On voltage stability from the viewpoint of singular perturbation theory

This paper investigates voltage stability problems based on singular perturbation theory. The application of singular perturbation theory has made it clear that a power system can be approximated by two simplified systems S and F, which respectively correspond to slow and fast subsystems; four types of voltage instability are defined as follows:

? ? type I voltage drop, in which the system still has restoring force to its operating point;

? ? type II voltage collapse, in which the system loses the capability of keeping its operating point. This is divided into the following:

1. II-1 instability due to dynamic factor with slow responses such as tap-changing transformers, movement of centre of inertia, load changing patterns;

2. II-2 instability due to fast response dynamic factors such as load characteristics, generators, AVR, etc.

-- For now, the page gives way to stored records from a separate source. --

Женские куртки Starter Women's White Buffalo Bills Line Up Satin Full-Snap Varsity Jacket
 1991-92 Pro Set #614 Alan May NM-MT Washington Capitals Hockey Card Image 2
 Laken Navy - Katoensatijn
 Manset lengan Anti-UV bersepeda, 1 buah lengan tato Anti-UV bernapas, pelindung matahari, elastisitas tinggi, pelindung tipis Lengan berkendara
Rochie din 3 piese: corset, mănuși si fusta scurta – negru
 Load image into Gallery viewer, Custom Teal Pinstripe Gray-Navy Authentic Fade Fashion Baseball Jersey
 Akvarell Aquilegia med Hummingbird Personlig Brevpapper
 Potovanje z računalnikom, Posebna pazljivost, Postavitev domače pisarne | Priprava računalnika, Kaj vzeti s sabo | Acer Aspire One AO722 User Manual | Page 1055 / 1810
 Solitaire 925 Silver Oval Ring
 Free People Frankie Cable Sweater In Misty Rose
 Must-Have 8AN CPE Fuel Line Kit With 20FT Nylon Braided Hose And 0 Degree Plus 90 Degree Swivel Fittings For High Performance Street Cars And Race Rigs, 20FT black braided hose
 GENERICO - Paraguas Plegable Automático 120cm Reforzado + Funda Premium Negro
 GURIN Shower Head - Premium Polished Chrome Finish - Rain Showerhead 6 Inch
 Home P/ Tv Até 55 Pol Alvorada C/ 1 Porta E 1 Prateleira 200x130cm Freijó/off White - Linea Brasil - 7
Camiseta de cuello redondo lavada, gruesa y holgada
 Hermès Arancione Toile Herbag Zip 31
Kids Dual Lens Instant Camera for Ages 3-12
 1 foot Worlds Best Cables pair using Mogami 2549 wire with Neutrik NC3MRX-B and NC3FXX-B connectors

This kind of instability consists of the following two types:

2.1. II-2S static bifurcation,

2.2. II-2D dynamic bifurcation.

Several features of each type of instability are studied as well as their methods of analysis. Voltage instability tends to begin with type I and then lead to one of the remaining types. The load flow Jacobian can be an effective index to approximately assess types I and II-2S instabilities, while types II-1 and II-2D require direct nonlinear analyses and eigenvalue analyses, respectively. Another point to be noted is concerned with the stability at multiple load flow solutions: it is emphasized that the lower of the multiple load flow solutions can be a stable operating point in some cases, even though most of such operating conditions belong to the type I instability; this situation can occur unless the system encounters the type II instability. The validity of the classification proposed here has been verified through numerical simulations and theoretical analyses which take into account the dynamic characteristics of generating units, loads and tap-changing transformers.